Supplied records Start Marker

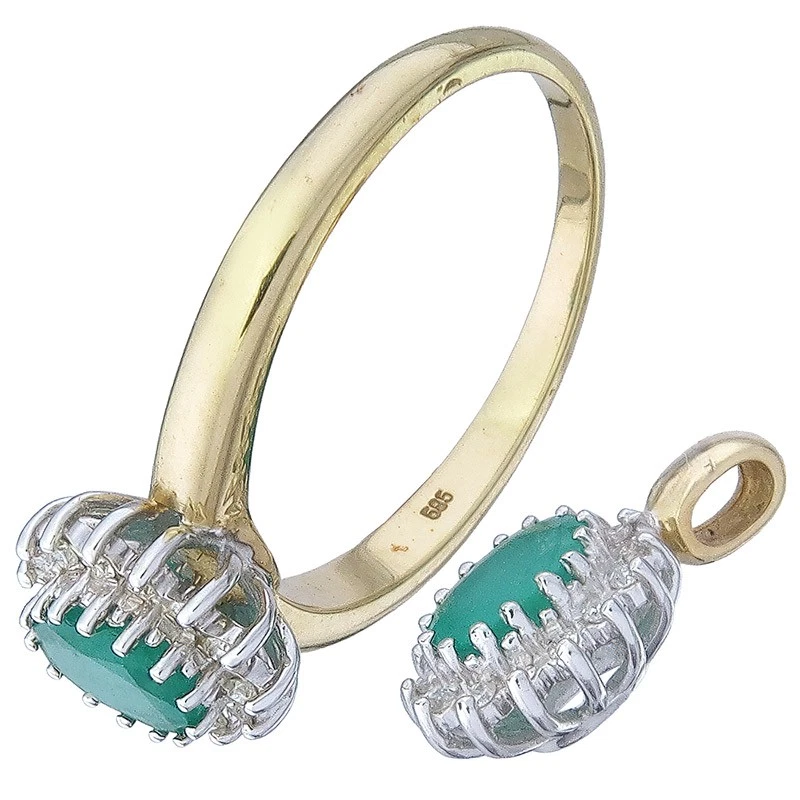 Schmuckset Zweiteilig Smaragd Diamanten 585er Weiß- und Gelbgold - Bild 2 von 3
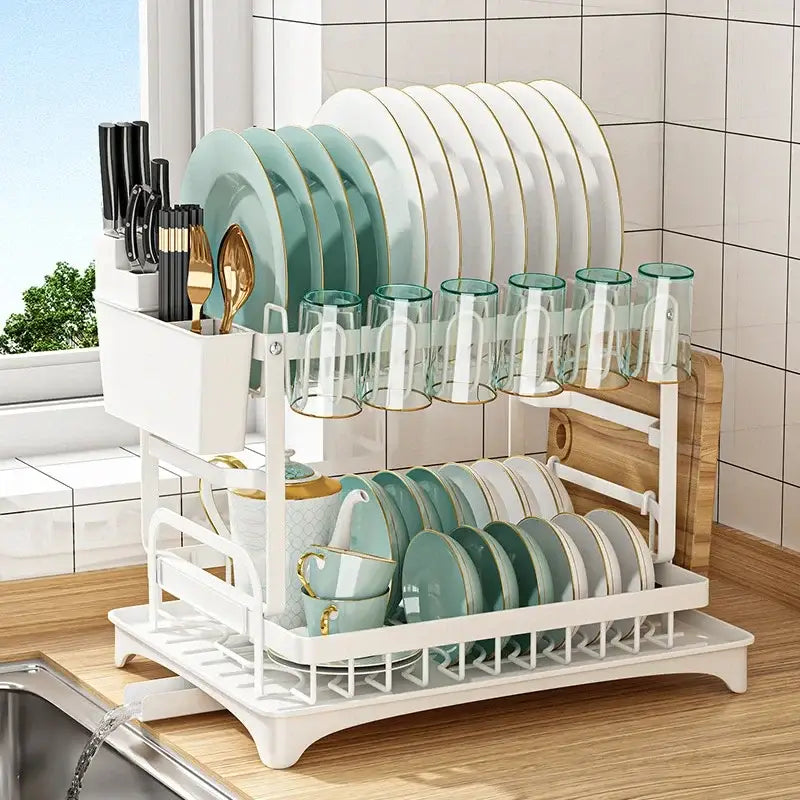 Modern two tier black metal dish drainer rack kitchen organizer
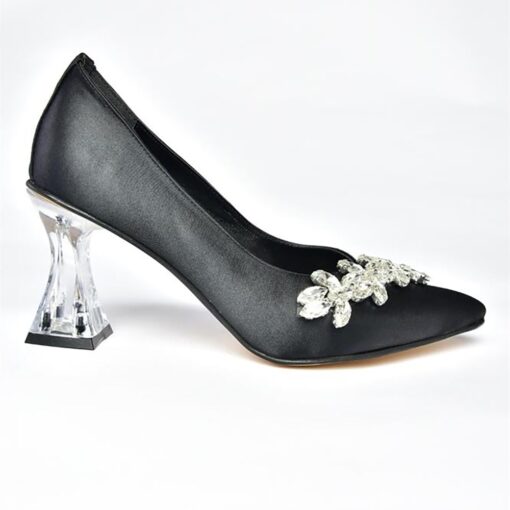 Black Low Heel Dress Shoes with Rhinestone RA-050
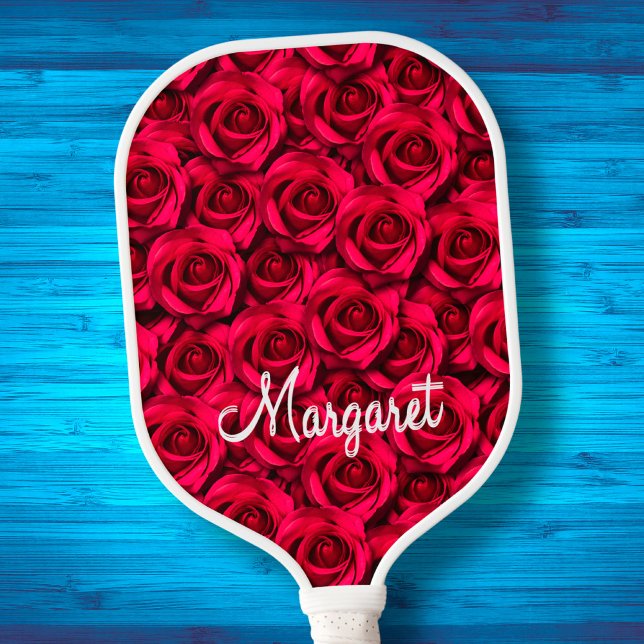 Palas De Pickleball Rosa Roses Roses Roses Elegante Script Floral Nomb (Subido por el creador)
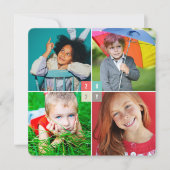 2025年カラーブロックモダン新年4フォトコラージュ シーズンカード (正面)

Supplied records End Marker
Supplied records Start Marker

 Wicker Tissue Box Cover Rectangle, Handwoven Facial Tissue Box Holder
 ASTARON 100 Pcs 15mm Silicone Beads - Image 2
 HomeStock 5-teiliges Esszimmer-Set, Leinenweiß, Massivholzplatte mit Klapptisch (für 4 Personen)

Supplied records End Marker

### Assigned task
The output should be exactly the lines above from the line containing "Wicker Tissue Box" to the line containing "HomeStock 5-teiliges Esszimmer-Set, Leinenweiß, Massivholzplatte", inclusive, with no other lines.

### Expected answer
 Wicker Tissue Box Cover Rectangle, Handwoven Facial Tissue Box Holder
 ASTARON 100 Pcs 15mm Silicone Beads - Image 2
 HomeStock 5-teiliges Esszimmer-Set, Leinenweiß, Massivholzplatte mit Klapptisch (für 4 Personen)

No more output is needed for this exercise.